Power Laws, Extremistan, and Non-Ergodicity
The previous essay ended with fractals: objects whose structure survives repeated zooming. This essay turns that geometric statement into a statistical one.
If an object has no characteristic length scale, then counting it often produces a power law. If a distribution has a power-law tail, then extremes stop being negligible. If extremes stop being negligible, then averages become unstable. If the process is multiplicative or has absorbing ruin states, then the average over many possible worlds can become irrelevant to the trajectory one person actually lives.
That is the path:
$$\text{scale invariance}\to\text{power laws}\to\text{fat tails}\to\text{non-ergodicity}.$$
This is where Mandelbrot, Taleb, Peters, Kelly, Wilson, Bak, and the central limit theorem start belonging to the same conversation.
#The Minimum Vocabulary
A distribution tells you how likely different outcomes are. For a continuous variable, the density $p(x)$ describes probability per unit of $x$. The survival function:
$$P(X>x)$$
asks for the probability of seeing an outcome larger than $x$.
A tail is the far end of a distribution: rare large values. A thin-tailed distribution, like a Gaussian, makes very large events disappear extremely fast. A fat-tailed distribution makes them disappear slowly enough that extremes remain structurally important.
A power law is a scaling relationship:
$$P(X>x)\sim Cx^{-\alpha}.$$
Multiplying $x$ by a constant multiplies the probability by another constant. There is no preferred scale.
An ensemble average averages across many possible worlds or many parallel copies of a process. A time average follows one process through time and averages along that single trajectory.

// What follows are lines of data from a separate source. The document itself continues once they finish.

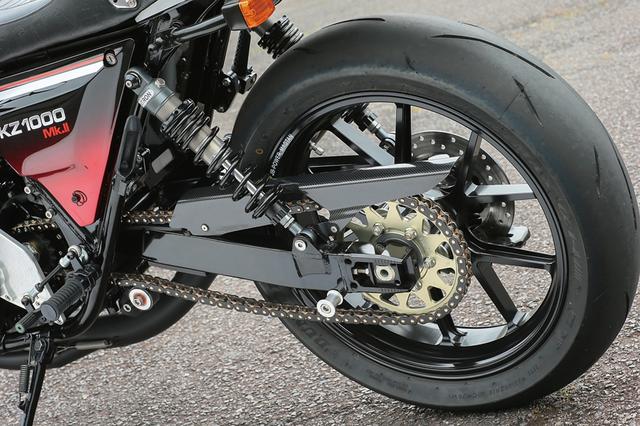 画像: 前後ホイールはマグネシウム合金鍛造品のビトーR&D MAGTAN JB3でサイズはノーマル1.85-19/2.15-18から2.75-18/4.50-18インチに。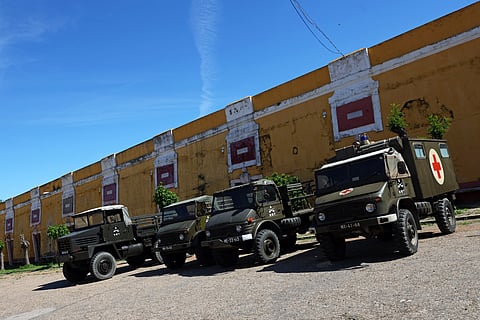 Viaturas militares na rua tal como há 50 anos. Todo o roteiro das comemorações do 25 de Abril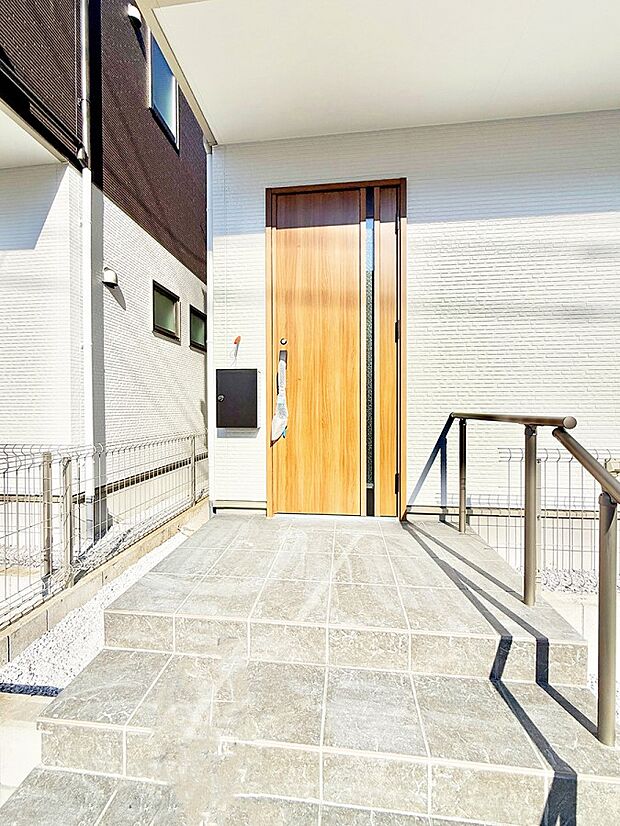 ■ 心地よい暮らしへとつながる、温かい玄関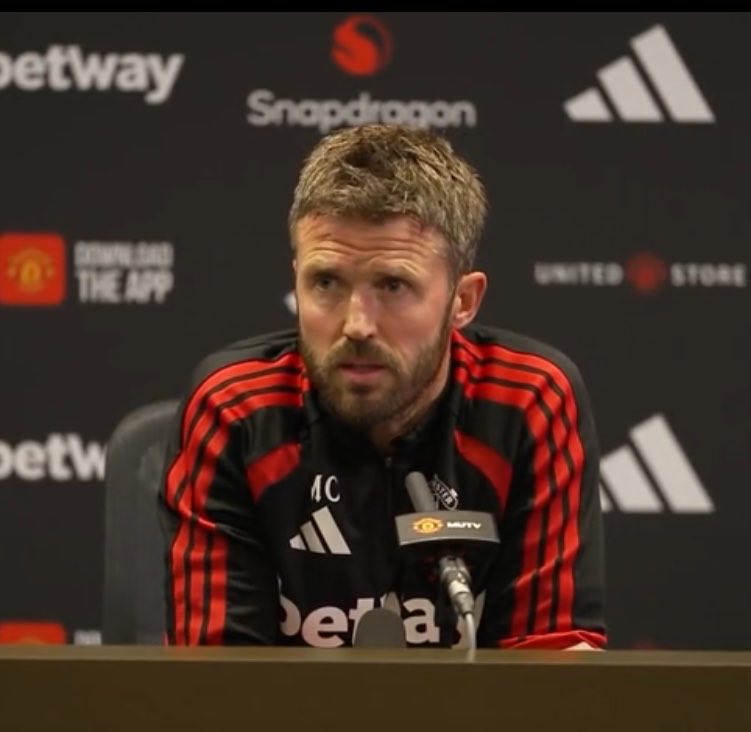 Red_Devils_PL's tweet photo. 🎙️ Michael Carrick o wypowiedzi Bruno Fernandesa:

"Obojętnie czy z nim rozmawiałem, czy nie, nie uważam, że jest to odpowiedni moment by o tym rozmawiać."

#MUFC https://t.co/44vBg1RIHE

A process is ergodic when the time average and ensemble average agree in the relevant long-run sense. It is non-ergodic when they do not. Multiplicative wealth, ruin, and path-dependent systems are often non-ergodic.
#From Scale Invariance to Power Laws
Now zoom into a fractal.
It looks similar.
Zoom again.
Still similar.
Again.
Still similar.
There is no characteristic scale. That is scale invariance.
This section is sometimes summarized as “fractals create power laws,” but that sentence is too crude. The real implication is:
$$\text{scale invariance}\Rightarrow\text{power-law form}.$$
Fractals are one geometric source of scale invariance. They are not the only source, and not every fractal measurement gives a clean power law. Markets, cities, earthquakes, languages, and networks can produce scaling through mechanisms that are not literally fractal geometry: preferential attachment, multiplicative growth, criticality, mixtures of regimes, and renormalization. The common object is not “fractal” but “no preferred scale.”
A characteristic scale is a typical size. Human adult height has a characteristic scale. You can talk about a normal height. Earthquake size, city size, wealth, firm size, and market crashes often do not behave that way. There are many small events, fewer medium events, and rare enormous events, with no single size that organizes the whole distribution.
A power law is a relationship where multiplying the input by a fixed amount multiplies the output by a fixed amount. The simplest form is:
$$y=Cx^{-\alpha}.$$
If you double $x$, then:
$$y(2x)=C(2x)^{-\alpha}=2^{-\alpha}Cx^{-\alpha}=2^{-\alpha}y(x).$$
So every doubling of size reduces frequency by the same factor. That is what “no characteristic scale” means in practice. The distribution does not care whether you move from $10$ to $20$, $100$ to $200$, or $1000$ to $2000$. The multiplicative relationship is the same.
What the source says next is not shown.